▶ WHAT THE EXERCISE ASKS:
Only the lines in the entries below from the line with "This has been" to the line with "Laser vision correction", both included, belong in the answer, transcribed exactly and without pictures.

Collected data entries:
++++++
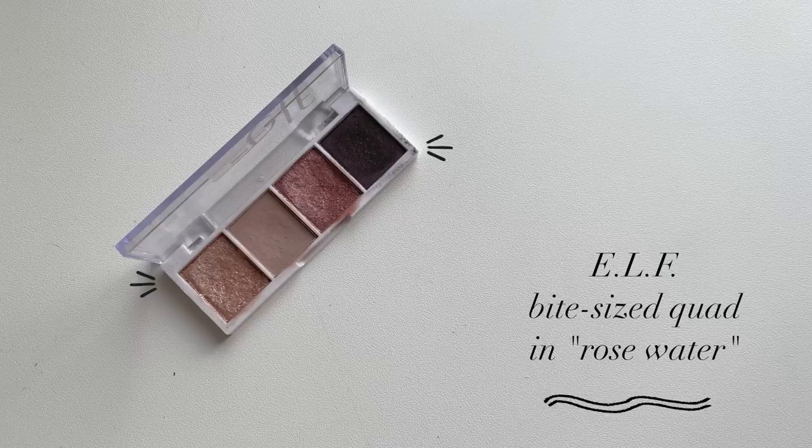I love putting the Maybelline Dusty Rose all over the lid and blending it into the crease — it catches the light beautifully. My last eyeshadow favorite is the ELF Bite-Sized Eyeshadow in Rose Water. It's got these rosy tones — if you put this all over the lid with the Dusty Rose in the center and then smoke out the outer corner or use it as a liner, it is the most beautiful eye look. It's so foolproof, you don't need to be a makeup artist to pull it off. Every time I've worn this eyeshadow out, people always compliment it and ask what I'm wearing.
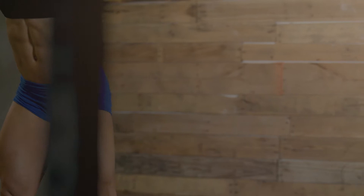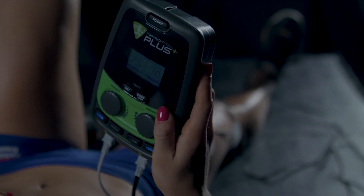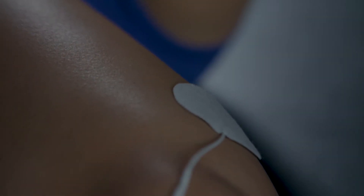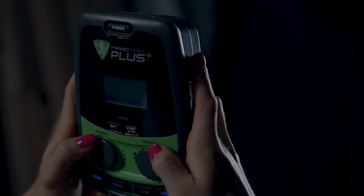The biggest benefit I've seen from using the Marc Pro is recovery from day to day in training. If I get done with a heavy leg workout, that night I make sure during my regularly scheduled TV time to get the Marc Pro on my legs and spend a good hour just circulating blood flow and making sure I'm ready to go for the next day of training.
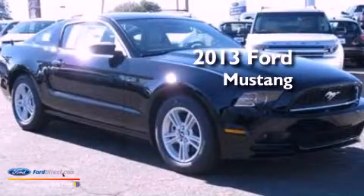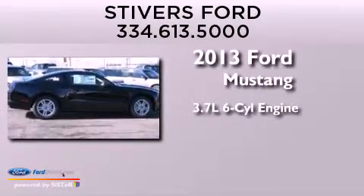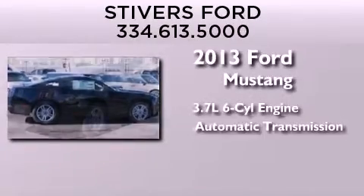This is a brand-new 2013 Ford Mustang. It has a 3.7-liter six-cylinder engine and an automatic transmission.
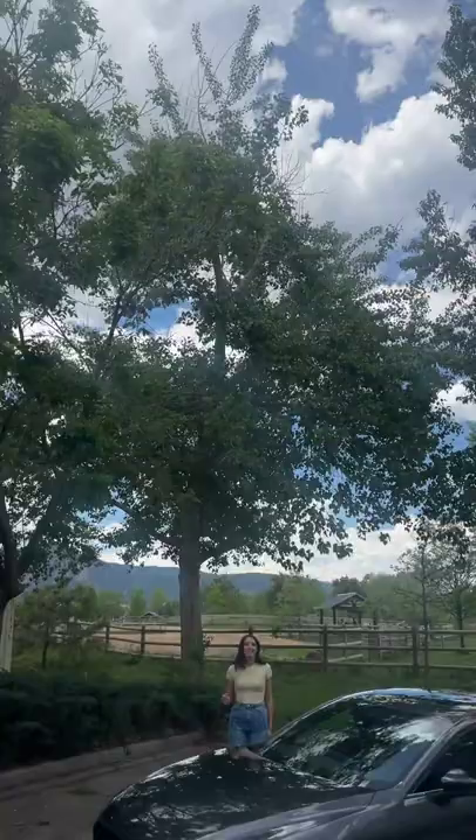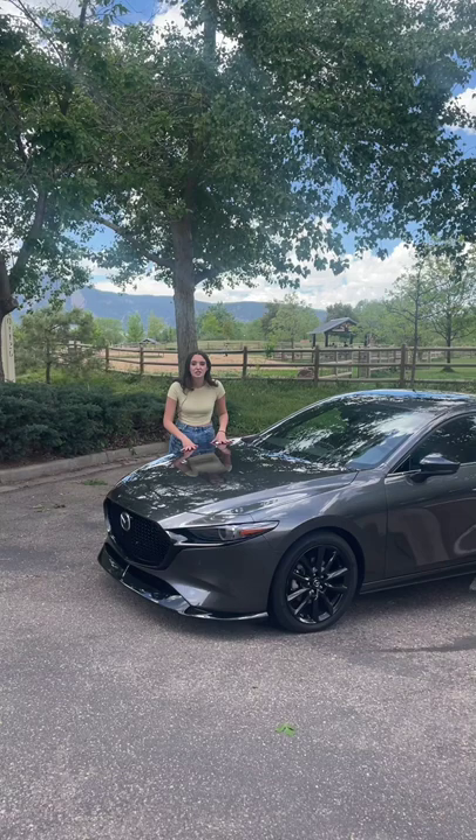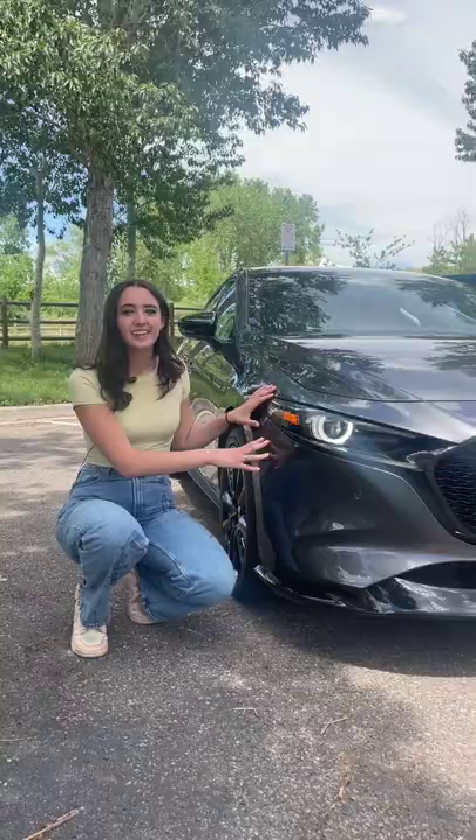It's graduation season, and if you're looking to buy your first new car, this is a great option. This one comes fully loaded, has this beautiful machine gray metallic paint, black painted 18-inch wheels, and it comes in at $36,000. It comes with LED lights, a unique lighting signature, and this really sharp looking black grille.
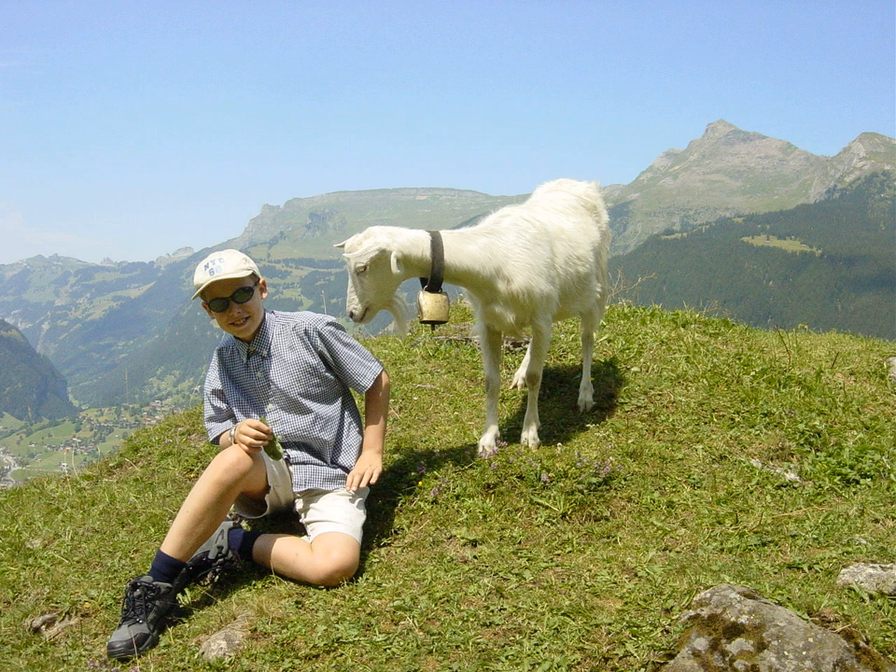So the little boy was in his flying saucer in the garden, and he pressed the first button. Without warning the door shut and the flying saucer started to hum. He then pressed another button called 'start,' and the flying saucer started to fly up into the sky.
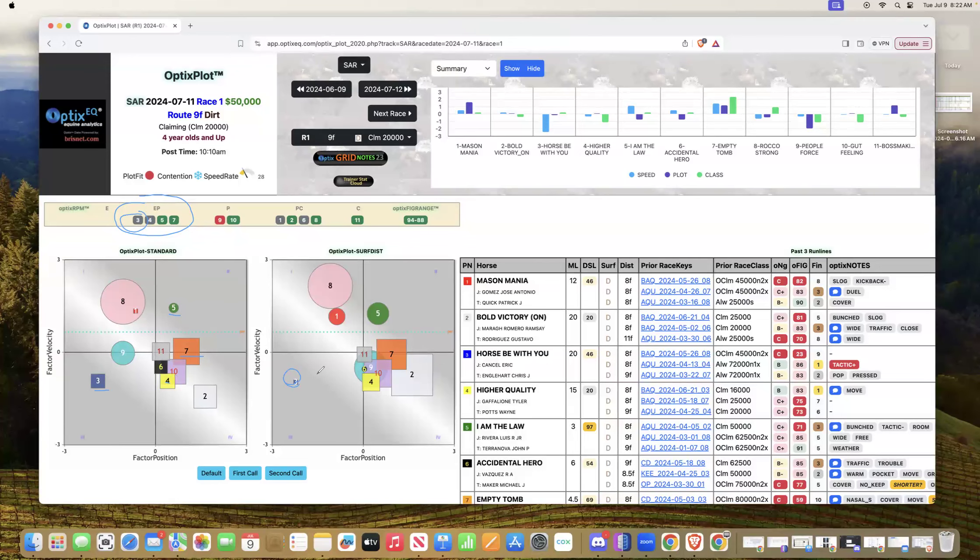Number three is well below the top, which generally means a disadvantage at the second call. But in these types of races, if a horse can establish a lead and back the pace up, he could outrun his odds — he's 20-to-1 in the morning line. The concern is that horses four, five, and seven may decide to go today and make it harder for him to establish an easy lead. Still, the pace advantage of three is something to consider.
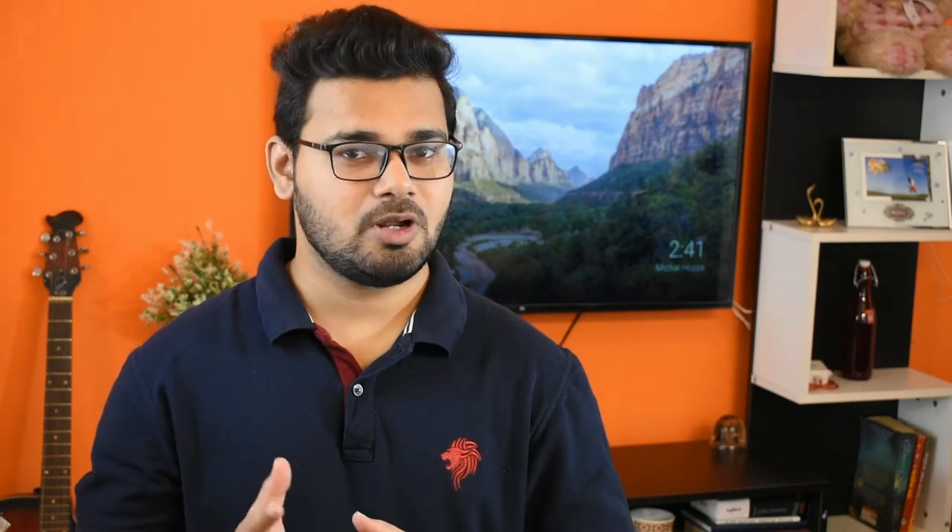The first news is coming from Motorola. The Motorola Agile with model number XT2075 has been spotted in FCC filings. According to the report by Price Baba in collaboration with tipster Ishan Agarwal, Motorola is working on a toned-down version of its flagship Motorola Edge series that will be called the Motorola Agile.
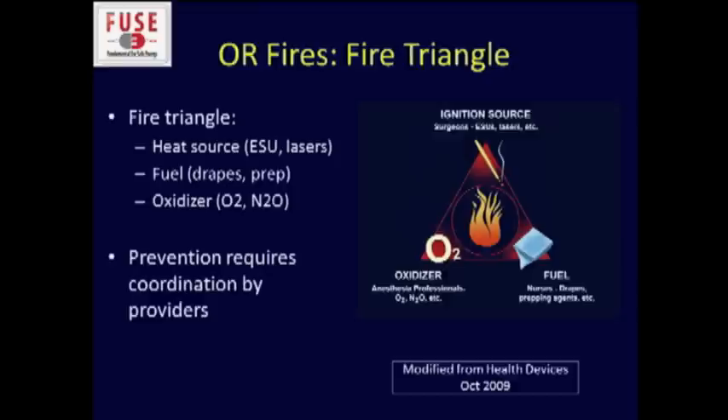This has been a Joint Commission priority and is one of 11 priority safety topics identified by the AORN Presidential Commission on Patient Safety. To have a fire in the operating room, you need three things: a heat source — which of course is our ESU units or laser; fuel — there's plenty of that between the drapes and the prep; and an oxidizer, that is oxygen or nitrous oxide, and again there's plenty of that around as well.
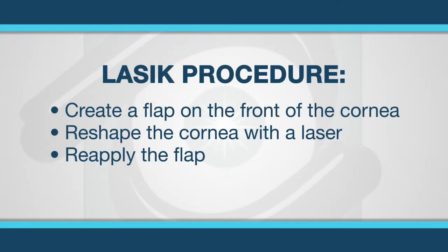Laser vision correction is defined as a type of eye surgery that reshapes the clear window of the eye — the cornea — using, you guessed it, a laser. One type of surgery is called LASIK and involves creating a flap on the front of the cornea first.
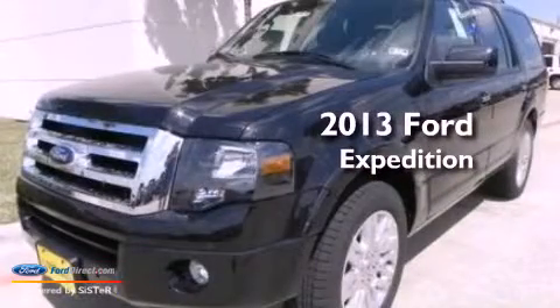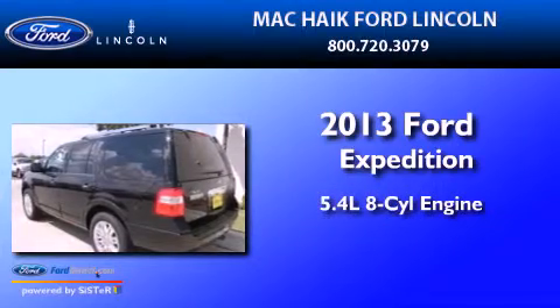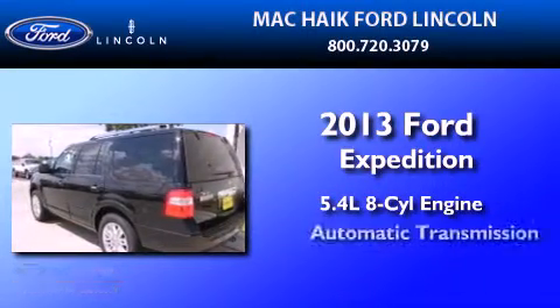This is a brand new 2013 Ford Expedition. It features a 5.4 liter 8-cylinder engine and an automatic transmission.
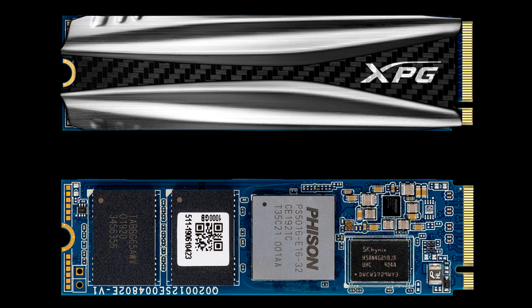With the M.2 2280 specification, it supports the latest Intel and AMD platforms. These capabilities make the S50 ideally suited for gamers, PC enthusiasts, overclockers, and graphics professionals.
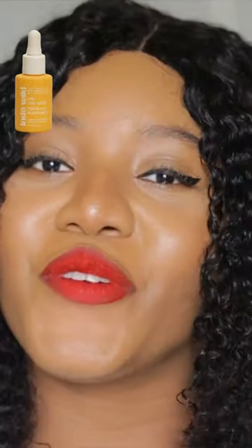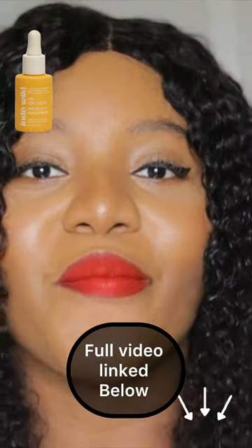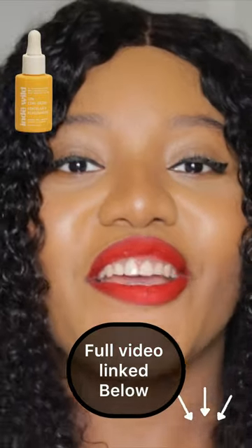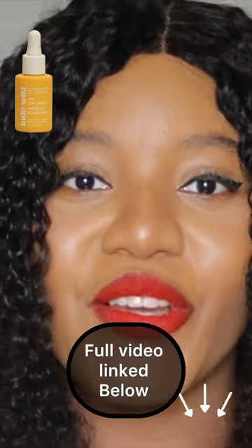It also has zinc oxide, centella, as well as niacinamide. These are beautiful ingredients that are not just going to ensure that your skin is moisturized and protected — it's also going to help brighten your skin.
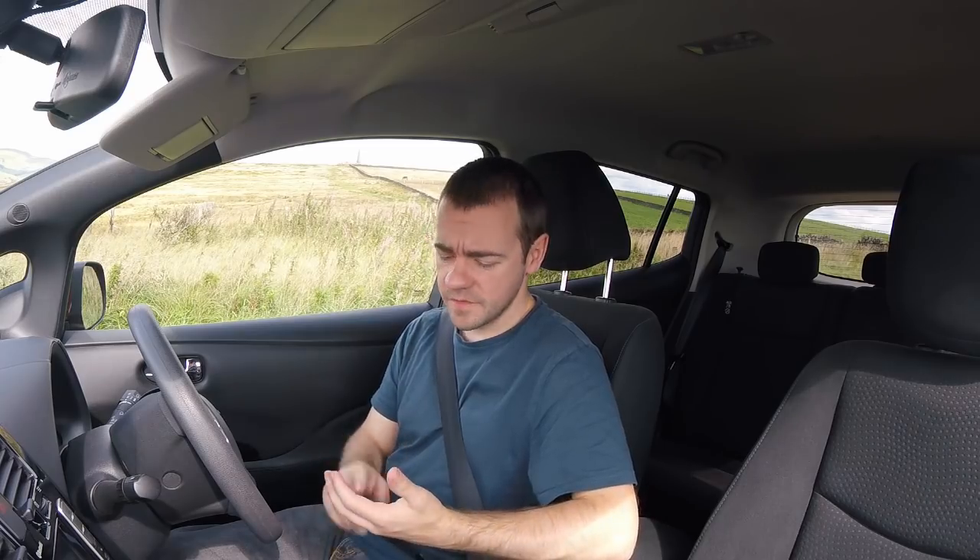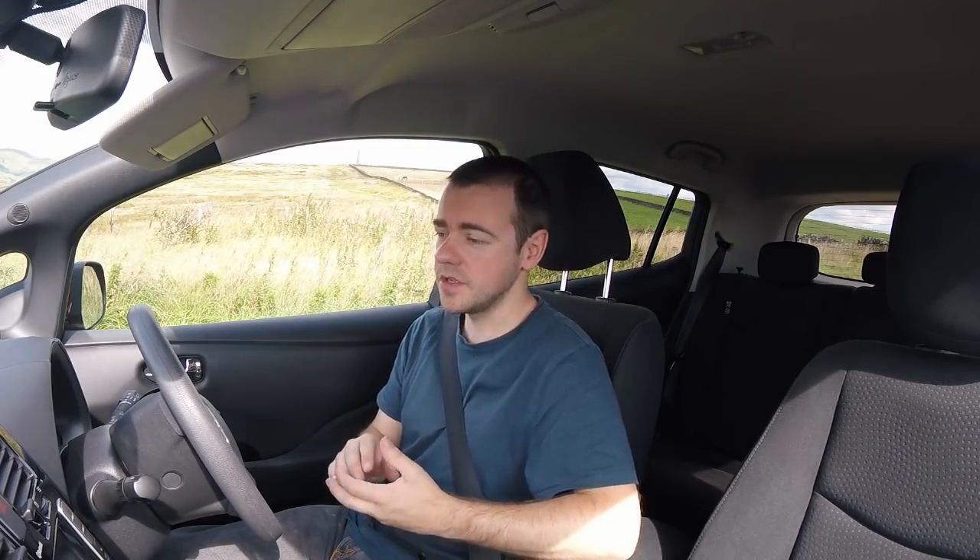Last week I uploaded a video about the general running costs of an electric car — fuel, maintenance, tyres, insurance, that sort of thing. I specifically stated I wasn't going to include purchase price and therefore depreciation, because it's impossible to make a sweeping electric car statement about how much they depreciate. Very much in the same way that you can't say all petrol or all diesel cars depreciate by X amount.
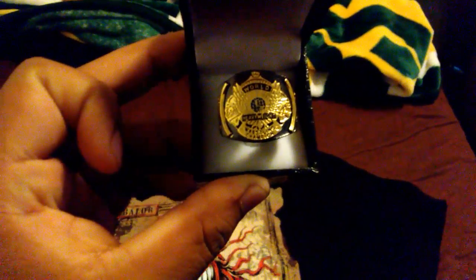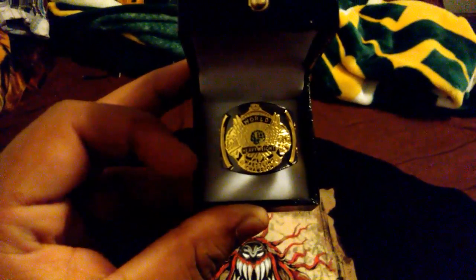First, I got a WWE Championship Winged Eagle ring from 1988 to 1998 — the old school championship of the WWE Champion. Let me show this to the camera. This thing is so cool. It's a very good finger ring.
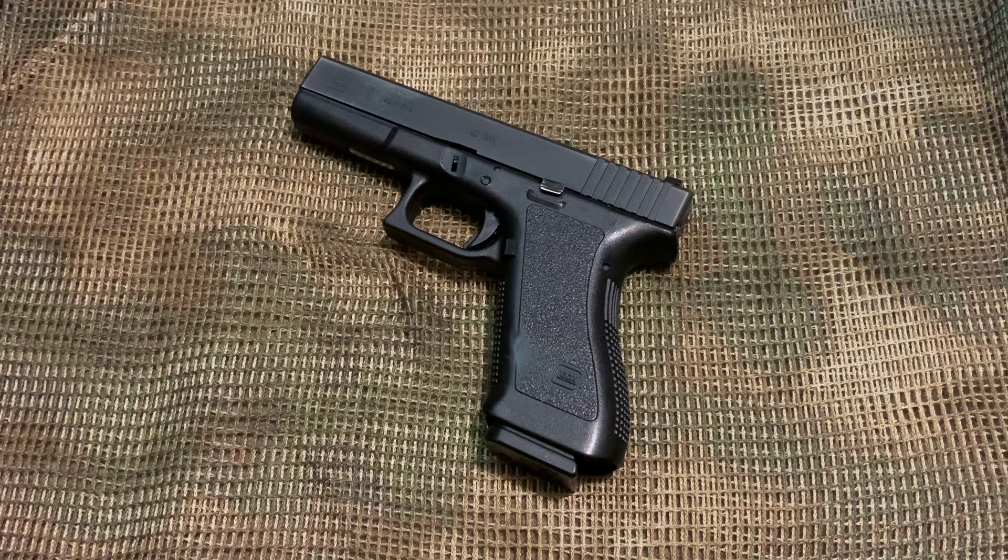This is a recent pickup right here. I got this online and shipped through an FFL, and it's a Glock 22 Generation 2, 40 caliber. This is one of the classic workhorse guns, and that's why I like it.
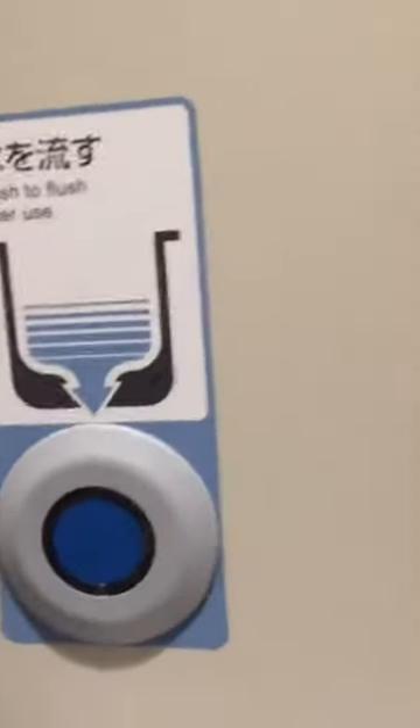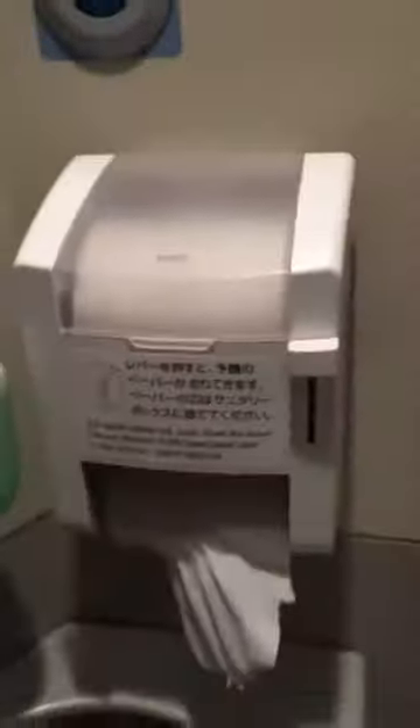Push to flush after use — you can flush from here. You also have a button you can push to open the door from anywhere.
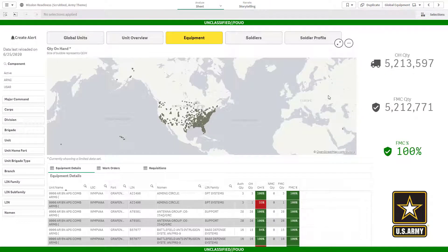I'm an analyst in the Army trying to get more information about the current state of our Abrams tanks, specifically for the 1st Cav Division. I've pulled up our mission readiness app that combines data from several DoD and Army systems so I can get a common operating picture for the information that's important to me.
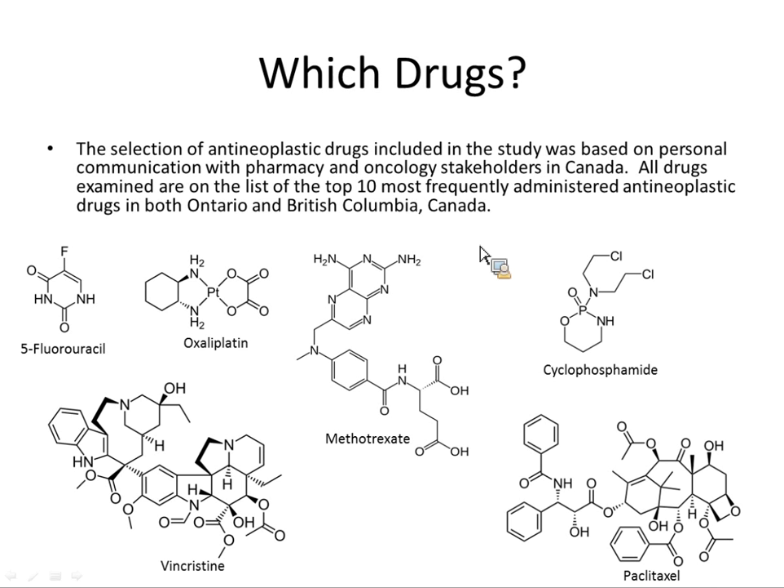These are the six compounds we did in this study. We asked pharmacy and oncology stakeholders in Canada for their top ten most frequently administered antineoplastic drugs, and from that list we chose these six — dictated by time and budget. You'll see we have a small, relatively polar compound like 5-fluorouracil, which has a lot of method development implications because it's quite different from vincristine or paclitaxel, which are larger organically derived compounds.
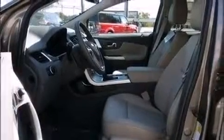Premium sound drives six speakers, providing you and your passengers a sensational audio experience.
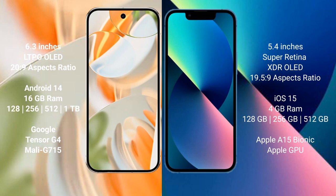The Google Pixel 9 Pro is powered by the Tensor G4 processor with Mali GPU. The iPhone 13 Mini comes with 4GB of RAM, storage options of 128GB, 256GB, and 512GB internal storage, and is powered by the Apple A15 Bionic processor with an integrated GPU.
++++++
▶ YOUR SOLUTION:
This has been a Joint Commission priority and is one of 11 priority safety topics identified by the AORN Presidential Commission on Patient Safety. To have a fire in the operating room, you need three things: a heat source — which of course is our ESU units or laser; fuel — there's plenty of that between the drapes and the prep; and an oxidizer, that is oxygen or nitrous oxide, and again there's plenty of that around as well.
Laser vision correction is defined as a type of eye surgery that reshapes the clear window of the eye — the cornea — using, you guessed it, a laser. One type of surgery is called LASIK and involves creating a flap on the front of the cornea first.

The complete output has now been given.